►
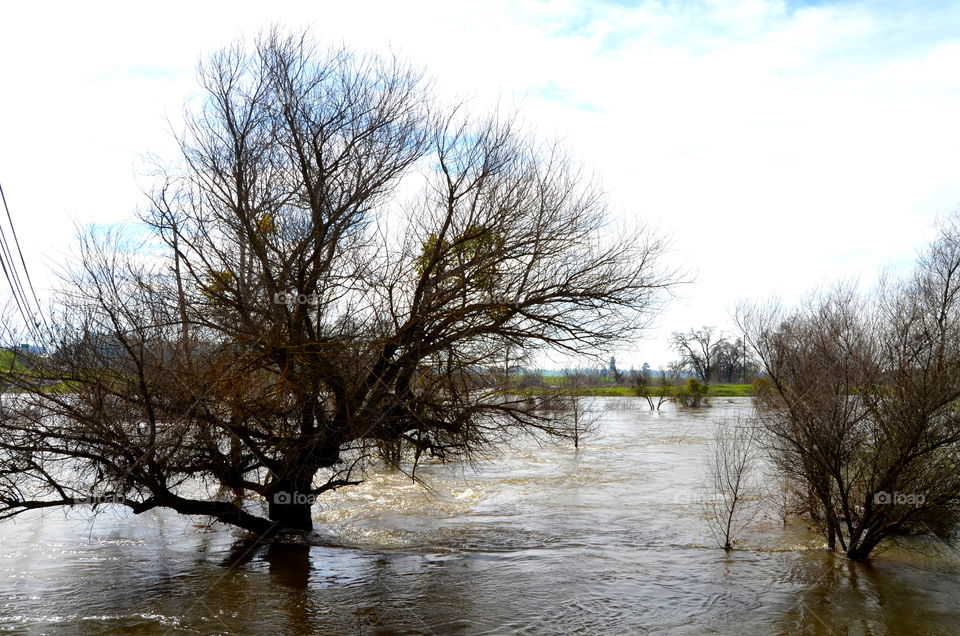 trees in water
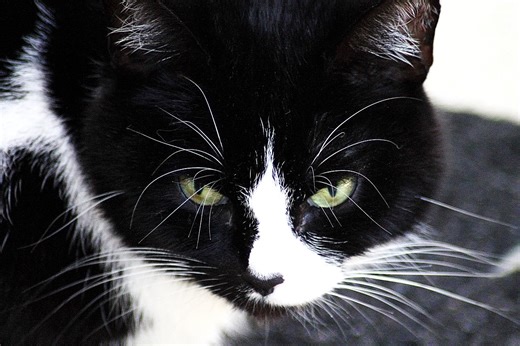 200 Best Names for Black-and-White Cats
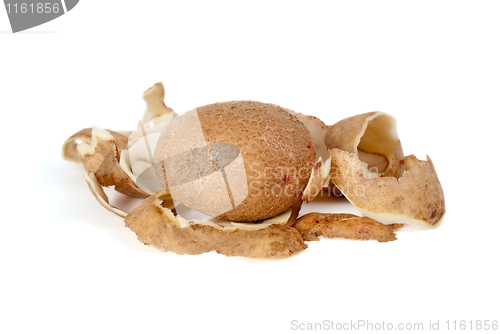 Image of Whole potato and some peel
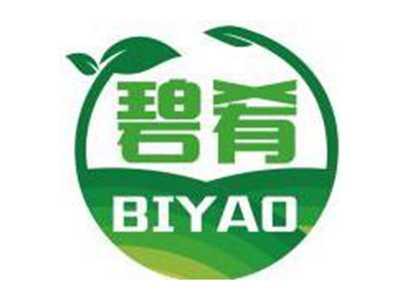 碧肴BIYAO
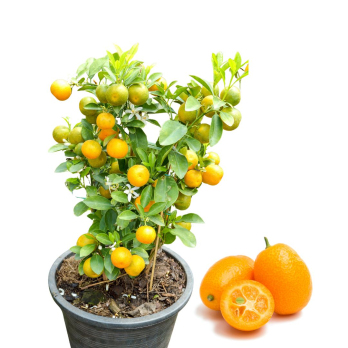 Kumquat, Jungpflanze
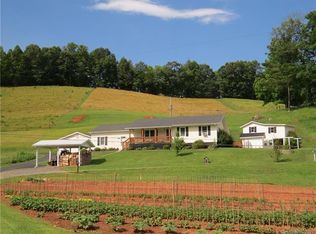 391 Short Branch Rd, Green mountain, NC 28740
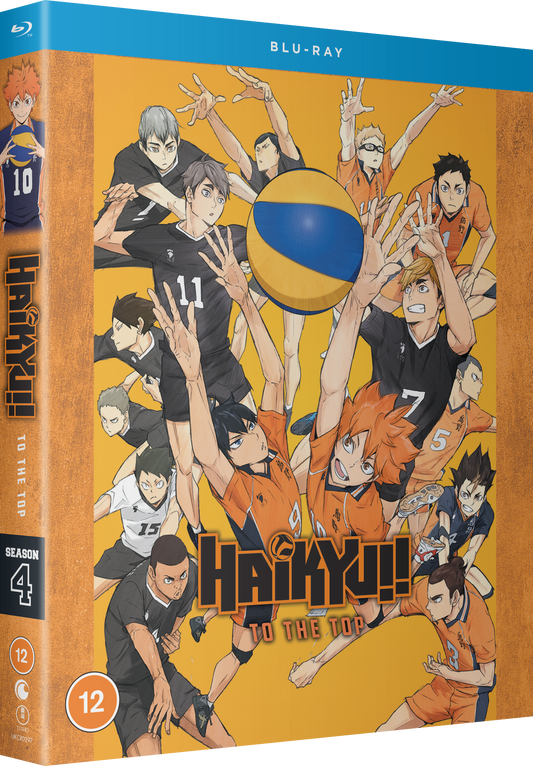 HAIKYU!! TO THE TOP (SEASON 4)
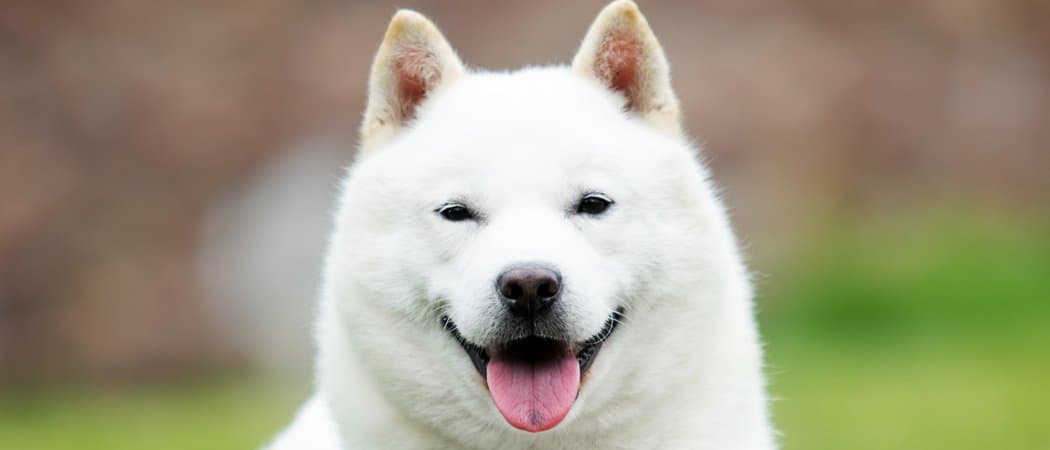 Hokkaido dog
◄
THE TASK:
With every picture left out, print exactly the lines from the one containing "Image of Whole potato and some peel" through the final line of the material above.

EXERCISE OUTPUT:
 Image of Whole potato and some peel
 碧肴BIYAO
 Kumquat, Jungpflanze
 391 Short Branch Rd, Green mountain, NC 28740
 HAIKYU!! TO THE TOP (SEASON 4)
 Hokkaido dog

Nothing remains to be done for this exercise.